I’ve heard such horror stories. A woman I know adopted a labradoodle puppy. Dog didn’t seem well, but she was told it was “drowsy” because it had received its shots. Took it to the vet the next day only to discover it had Giardia (a nasty intestinal parasite that can be transmitted to people as well as other pets). Scared and angry, she called the woman who had sold her the dog and forced her to take it back. God knows what happened to it. (Okay, let’s face it. We all know what happened to it.)
Another woman picked out a dog online, did the old clandestine meet-in-the-parking-lot routine, agreed to take the dog, and 24 hours later was dealing with bloody diarrhea. When she called the rescue group, she was told that the dog was now HER problem and that they wouldn’t return her money or take the dog back. (To her credit, she told them “You’re the last people I’d give this dog to!”) She stuck with the pooch and as far as I know, the dog remains healthy.
Yet another story told of two Boston terrier pups adopted from rescue. By the end of the first week, the family had spent almost $2000 at the vet trying to save their lives.
The word SCAM comes to mind, with innocent animals as the victims.
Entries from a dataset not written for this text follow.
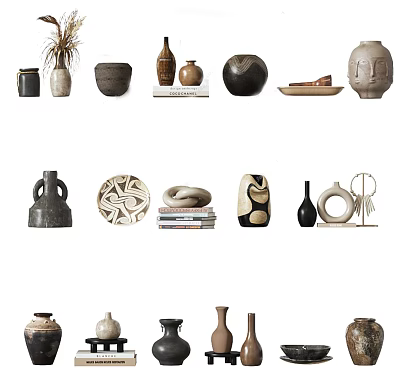 Diverse Handcrafted Ceramic Vessels With Unique Shapes And Neutral Tones For Home Decor 3d model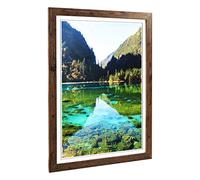 Big Box Art Framed Print of Beautiful Lake and Mountain Landscape Design | Wall Art Picture | Home Decor for Kitchen, Living Room, Bedroom, Hallway, Walnut, A2 / 24.5x18 Inch / 62x45cm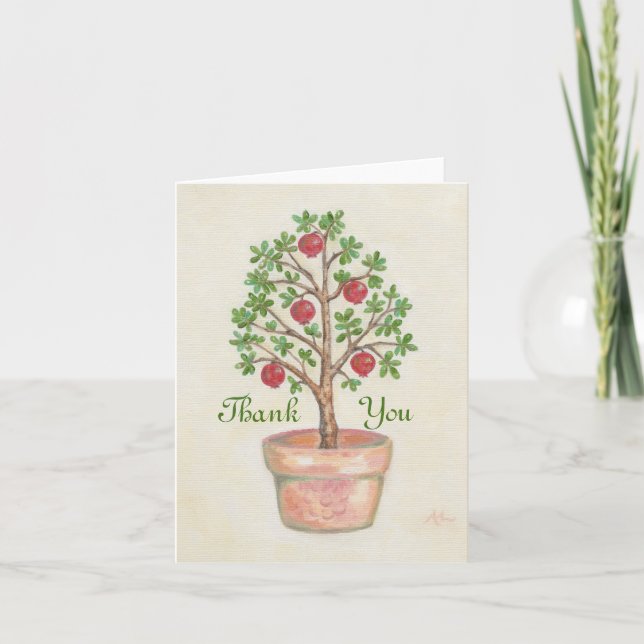 Cartão De Agradecimento Pomegranate Tree thank you card (Frente)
What’s got me on this topic? Well, I stopped in at our local Petsmart the other day to pick up a new cat carrier and they were hosting an Adoption Day event. Since we’re thinking seriously about adopting another dog, I thought I’d go take a look. I figured it was the Humane Society or ASPCA or a reputable rescue organization running the event.
Oh. My. God.
I’ve never seen such awful looking dogs. Half were desperate, screaming for attention. The other half were listless, dead-eyed and lost. The woman running the event (who never gave her name but said she was “from down South”) told me that all the animals had been fully vetted, spayed or neutered, and were deemed healthy. At which point, one of the dogs hunched over and ejected a mass of (I’m not joking) HOT PINK stool the consistency of canned pumpkin.
Yeah, lady, all my healthy dogs do that, too.
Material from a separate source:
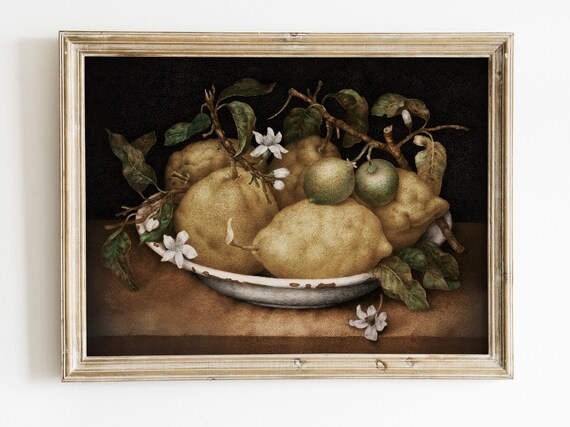 Farmhouse Print Dark Moody Vintage Rustic Kitchen Painting Country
I should have walked away then, but I didn’t. My heart was breaking over these little guys and gals. I was even tempted by one who looked like a cross between a Pomeranian and a Border Collie. (Sweet dog, however my husband is away and I’m not about to bring a new animal into the house without us being in agreement over it.) I went to say hello, give the fellow a few pats. The Soul of Honesty followed me to his cage and fed me a storyline about his history, where he was found, etc. (Yeah, like I’m going to believe you now, lady?) There was another dog in the pen, a sweet-natured emaciated dachshund with a golf-ball sized callousy mass on one hind leg. No joke, folks, I could count every bone in that dog’s body. (I mean, really. Don’t rescue places feed these animals? Do they think a pathetic looking animal has a better chance at being adopted? What gives?) I stooped to pet the dog and murmured, “Oh, you’re so thin,” at which point Mother Justice informed me “Oh, we’ve had him on a diet because he was so fat when he came in.” Excuse me? How fucking stupid do you think I am? I know a starving dog when I see one.
I left in despair, uncertain what to do. My first thought was to open every crate, fill my car with dogs, and take them home for a warm bath and a good meal. Does a corporation like Petsmart even realize how bad it makes them look, trafficking with someone who obviously (excuse me) doesn’t give a RAT’S FLYING ASS about the animals they are supposedly rescuing?
Rescue means “to free or deliver from confinement, violence, danger or evil.” In the case of these dogs, it’s hard not believe they’ve gone from the frying pan into the fire.